Golden colored field with mountain in background. Steam clouds coming from points on ground.
Fumaroles are a type of geothermal feature, shown here near Lake Myvatn in Northern Iceland. Credit: Matt Palmer, Unsplash.


At Coso, the amount of water re-injected into the ground has been decreasing since the mid-1980s. This should have meant fewer earthquakes in the area because pore pressure would have decreased overall. However, from the late 1980s to 2019, the area was relative active, seismically speaking. Only after the Ridgecrest earthquakes did Coso become oddly still, as surrounding regions were rocked by numerous aftershocks.

Caltech geologist Jean-Phillipe Avouac and his colleagues wanted to figure out what caused this peculiar behavior near Coso.
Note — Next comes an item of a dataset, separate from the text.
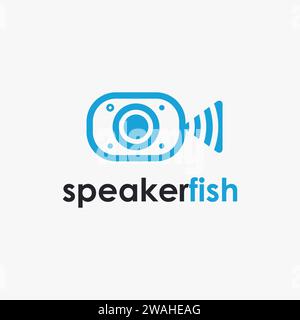 Abstract fish speaker sound wave logo icon vector template on white background Stock Vector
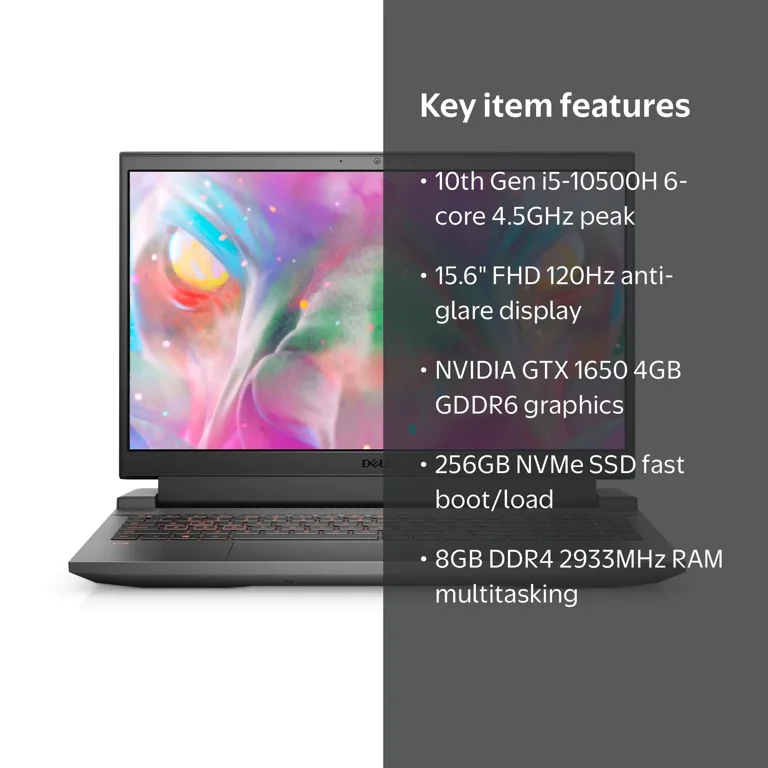Dell Laptop Computer G5 15 Gaming: Core i5-10500H, NVidia GTX 1650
Ground subsidence due to energy production

Previous InSAR satellite studies — which allow scientists to compare before and after imagery to calculate how Earth’s surface changes — showed a drop in ground level of about 5 inches (13 centimeters) around the Coso Geothermal Power Plant between 1993 and 1998. Subsidence continues today. Based on this past work, Avouac and his team knew that there was both seismicity and subsidence before the Ridgecrest earthquakes.

Significant subsidence following the onset of geothermal plant operations, the authors claim, indicates the pumping and injecting of water changed the orientation and amount of stress on the faults below ground. This is not uncommon in other geothermal fields, they noted in the study.

They reckoned the surprising lack of seismicity after Ridgecrest reflected less total stress available in the fault system. Less stress would mean fewer aftershocks. Yet, exactly how this could happen in the Coso geothermal area remained unclear.

Cool clues to changing stress

At Coso, removing hot water and replacing it with colder water ultimately decreased the volume of water below ground and the surface therefore was lowered. But, the team calculated that this change in volume related to water temperature could only explain a small amount of the observed subsidence.

Plus, the fluid pressure decrease due to the net extraction of fluids should have stabilized the faults years before Ridgecrest, yet earthquakes occurred up until those events. This was an important clue that something else was driving deformation and subsidence, according to Avouac.

Injecting cold water has another important effect: cooling the rocks. “Thermal contraction [or cooling] releases normal stress, which unclamps the faults and drives seismicity,” says Avouac. To confirm this could be the case at Coso, the team included thermal contraction in their calculations.

Their results show that the Coso area experienced no major aftershocks following the 2019 quakes because geothermal electricity production had relieved much of the stress in the system.

Their results show that contraction of the rocks due to injection of cool water caused some of the faults to slip in small magnitude earthquakes (or even without producing a quake), which explains an initial increase in seismicity observed near Coso when the plant opened. These smaller events released stress on these faults. In 2019, the nearby Ridgecrest earthquakes increased stress on the faults in Coso, but not enough to overcome the decrease in stress they experienced due to cooling.

Their calculations show that this cooling effect could explain both the observed subsidence and seismicity before Ridgecrest.

Warehouse buildings and large pipes in a hilly desert landscape.
Coso Geothermal Plant. Credit: U.S. Department of Energy


Geo-engineering earthquake-less regions

For most Californians, the prospect of using clean energy to reduce earthquakes could be appealing, and according to Avouac, it’s feasible at relatively small scales. “In any area where we are producing geothermal energy, the same process would happen,” he said.

However, Emily Brodsky, a seismologist at the University of California Santa Cruz, points out that the processes stabilizing Coso’s faults still caused seismicity, particularly when the plant was just starting production, so geo-engineering could be a slippery slope. “Cooling is destressing the faults, but it may also be making faults more available to rupture,” she says. Such effects as those observed at Coso may not be ubiquitous, she says, noting that “the best test of a hypothesis in observational science is when we see it somewhere else.”